* Supplied records

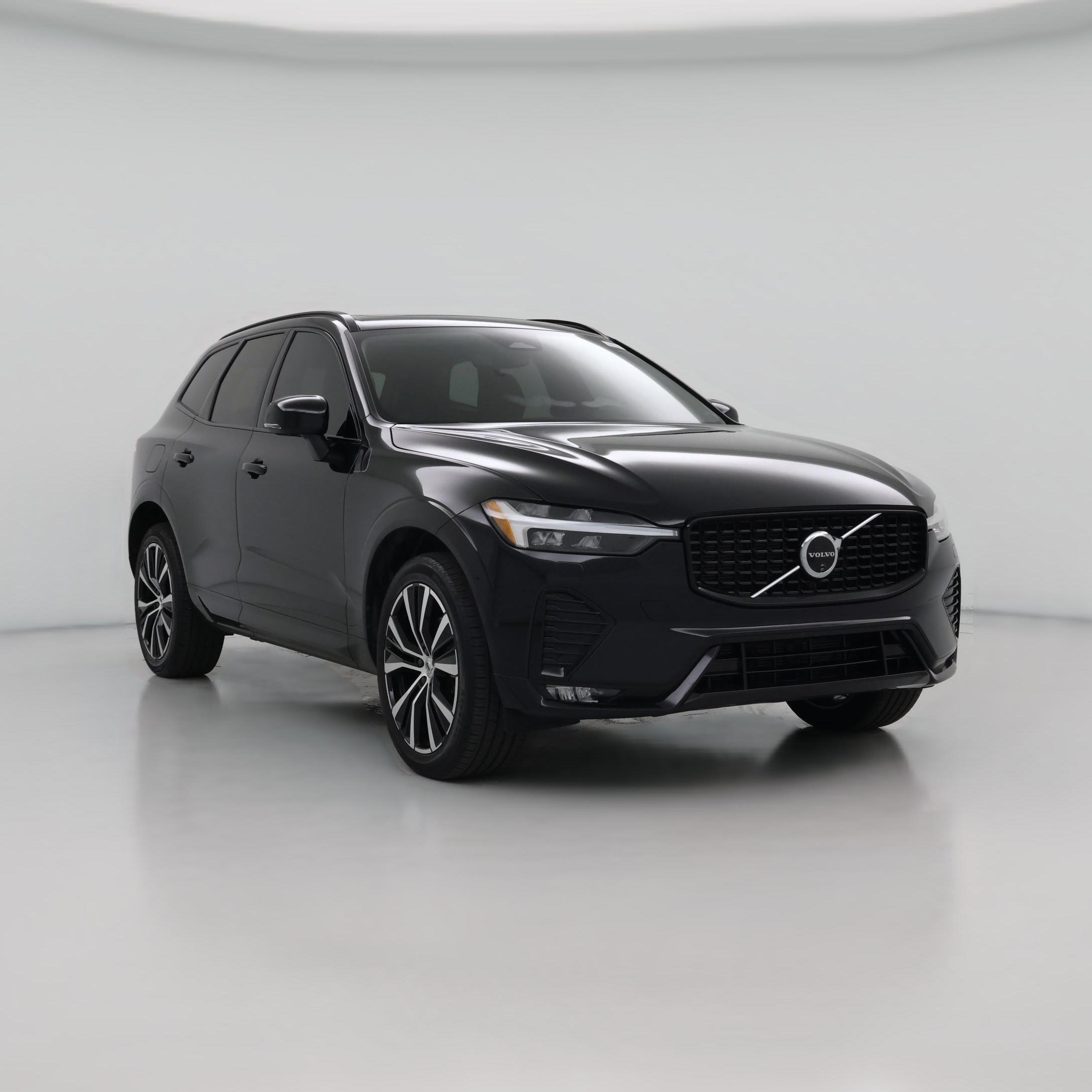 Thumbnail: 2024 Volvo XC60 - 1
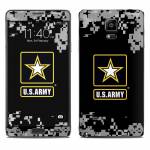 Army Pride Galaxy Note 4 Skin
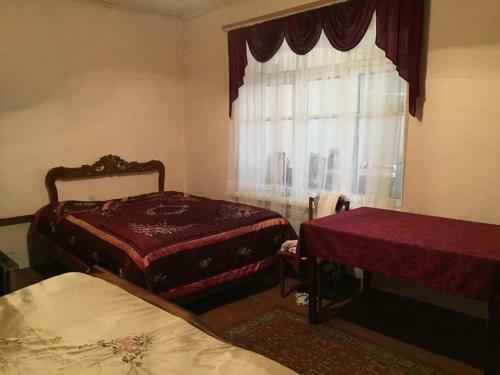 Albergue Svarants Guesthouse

...

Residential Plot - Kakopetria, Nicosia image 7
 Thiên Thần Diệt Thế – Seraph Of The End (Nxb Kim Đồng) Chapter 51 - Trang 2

* * *

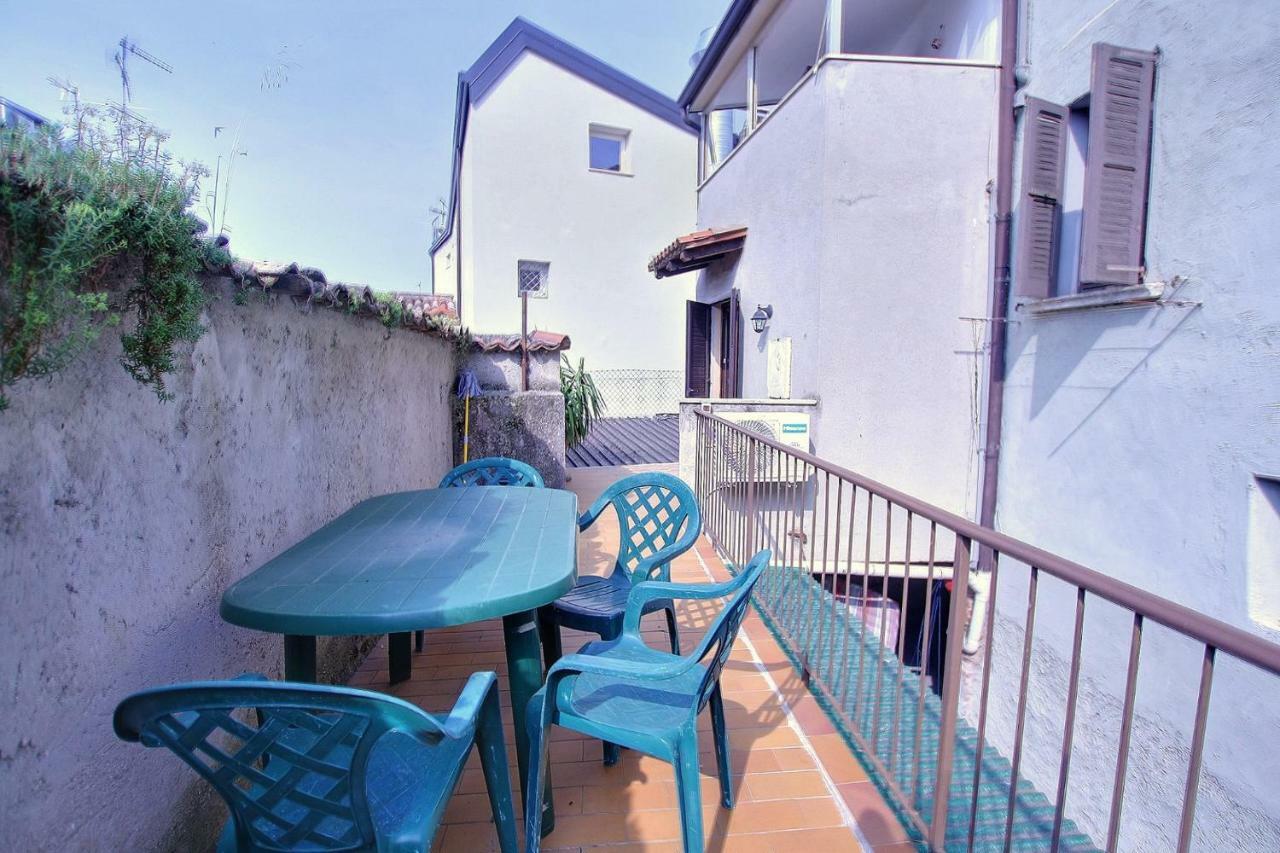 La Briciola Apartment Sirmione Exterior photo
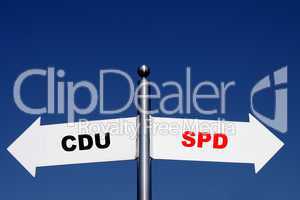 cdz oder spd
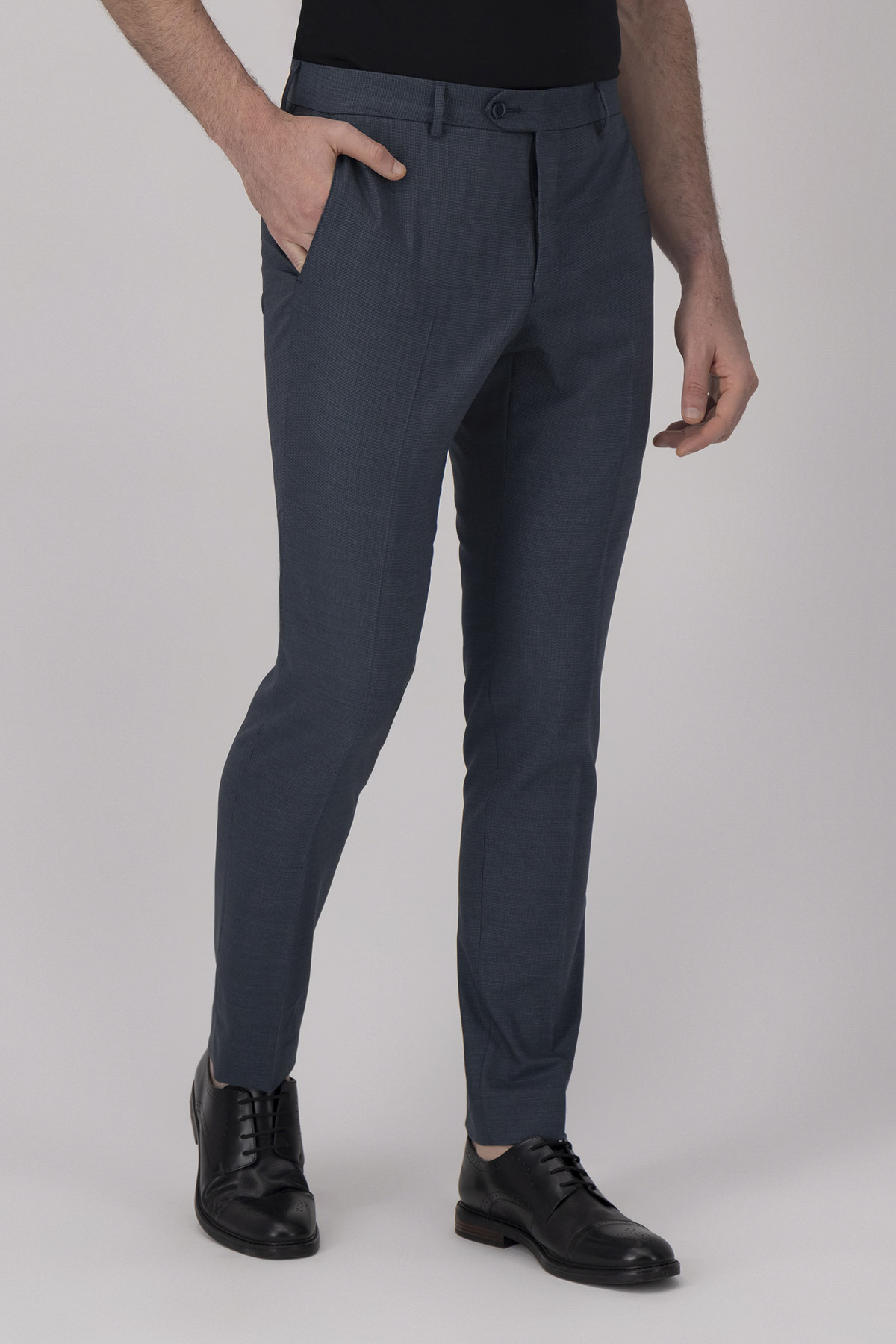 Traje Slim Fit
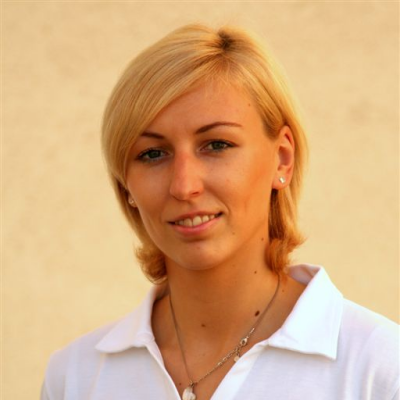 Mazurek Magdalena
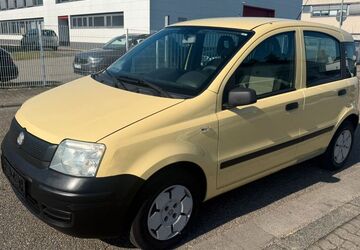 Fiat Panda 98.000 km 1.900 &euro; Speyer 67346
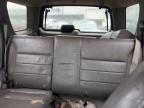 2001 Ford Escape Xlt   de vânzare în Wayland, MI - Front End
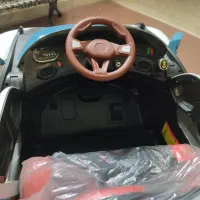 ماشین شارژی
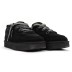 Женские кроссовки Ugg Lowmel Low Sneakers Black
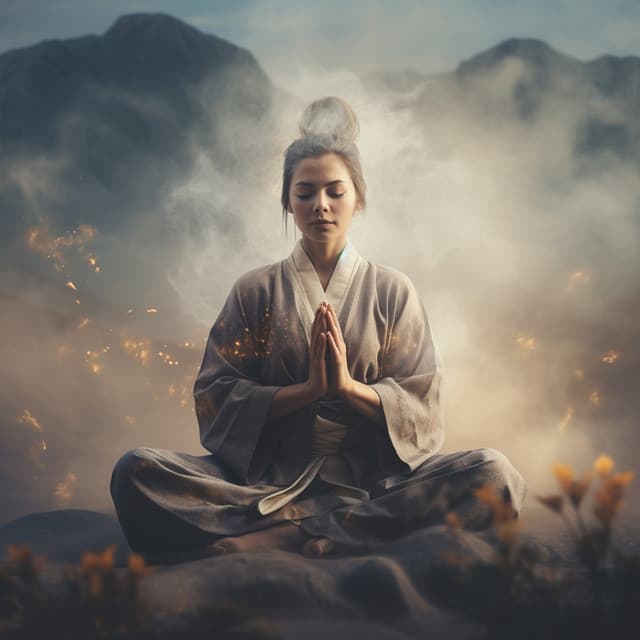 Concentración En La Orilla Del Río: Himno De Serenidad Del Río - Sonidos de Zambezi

* What you will do
To complete this exercise, transcribe exactly the lines above from the one that holds "Thumbnail: 2024 Volvo XC60 - 1" through the one that holds "Albergue Svarants Guesthouse". Pictures stay out.

* Reply to the task
 Thumbnail: 2024 Volvo XC60 - 1
 Army Pride Galaxy Note 4 Skin
 Albergue Svarants Guesthouse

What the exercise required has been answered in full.